Let’s code a TCP/IP stack, 1: Ethernet and ARP (2016)

cihangir · 2025-03-04T10:52:02 1741085522

Years ago, I attempted to build a user-space network stack in C [0] that processes raw packets through the TUN interface and got it working to a certain point. It currently includes a simple shell that allows configuring IP addresses, routes, and such. A hybrid structure reminiscent of both mbuf and sk_buf is used to hold the network packets. However, after completing the UDP implementation I didn't find the time or motivation to implement TCP. If you want to check it out, here's the link:

[0] https://github.com/cakturk/unet

VWWHFSfQ · 2025-03-04T13:48:45 1741096125

Many years ago, I wrote a pcap/tcpdump parser in pure bash, because it's all I knew how to write "programs" with. It was, of course, the slowest and most brittle thing of all time, but it did actually work. And was kinda fun. Wish I still had that code somewhere.

jpfr · 2025-03-06T20:28:04 1741292884

Many embedded devices run the lwip implementation of TCP/IP.
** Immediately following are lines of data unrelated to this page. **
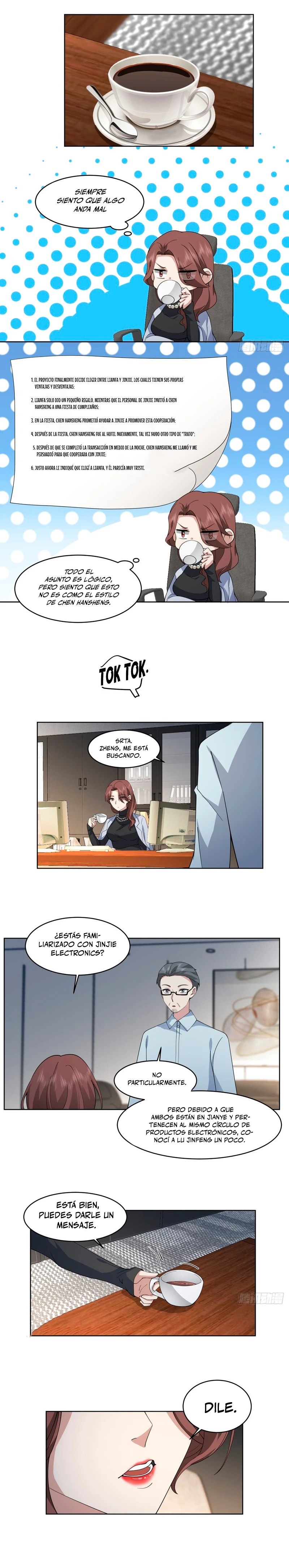 Realmente no quiero renacer Capítulo 104 - Page 8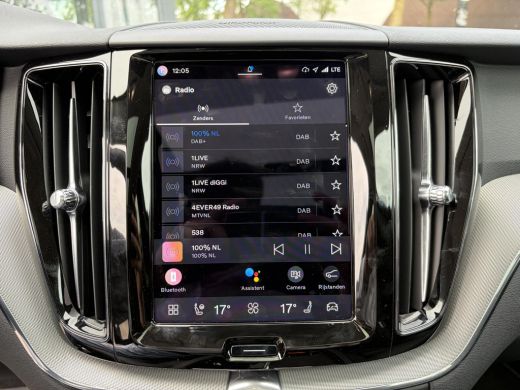 Volvo  XC60 Plug-In Hybrid AWD T6 Plus Dark Recharge ADAPT. CRUISE CONTROL | STUUR & STOEL VERWARMING | PANOR... ActivLease financial lease
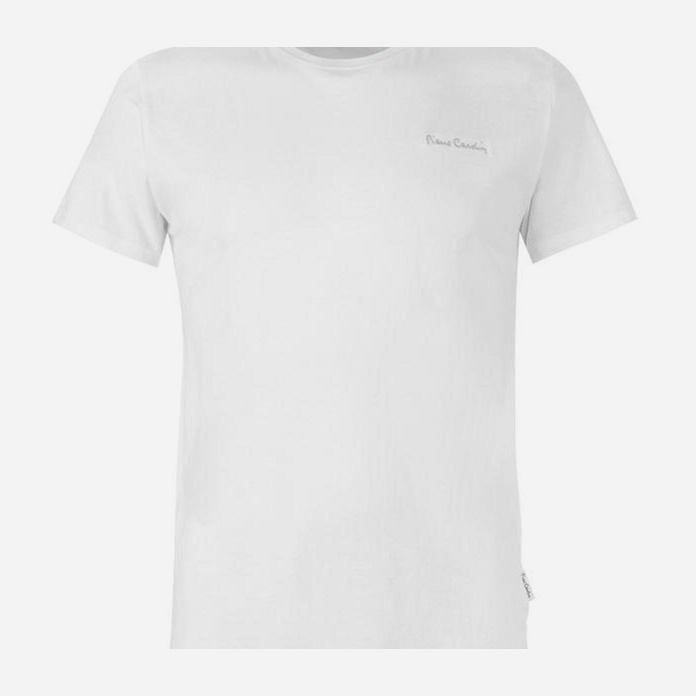 

Футболка Pierre Cardin 598758-01  White, Футболка Pierre Cardin 598758-01 4XL White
The "POSIX port" of lwip does the same. It takes the raw Ethernet bytes from a TUN/TAP device.

https://github.com/lwip-tcpip/lwip/blob/master/contrib/ports...

zoobab · 2025-03-04T09:49:52 1741081792

If you compile a minimal linux kernel without a tcp/ip stack -> 400KB. If you add a tcp/ip stack -> 800KB.

For a project where I should just send the temperature, I just made a small C program in userspace that sent the value over a crafted UDP message, saved a lot of space (and complexity) :-).

chamomeal · 2025-03-04T14:33:43 1741098823

Wow that’s crazy!

As someone who knows nothing about anything: that doesn’t mean the tcp/ip stuff is half the source code of the whole kernel, does it?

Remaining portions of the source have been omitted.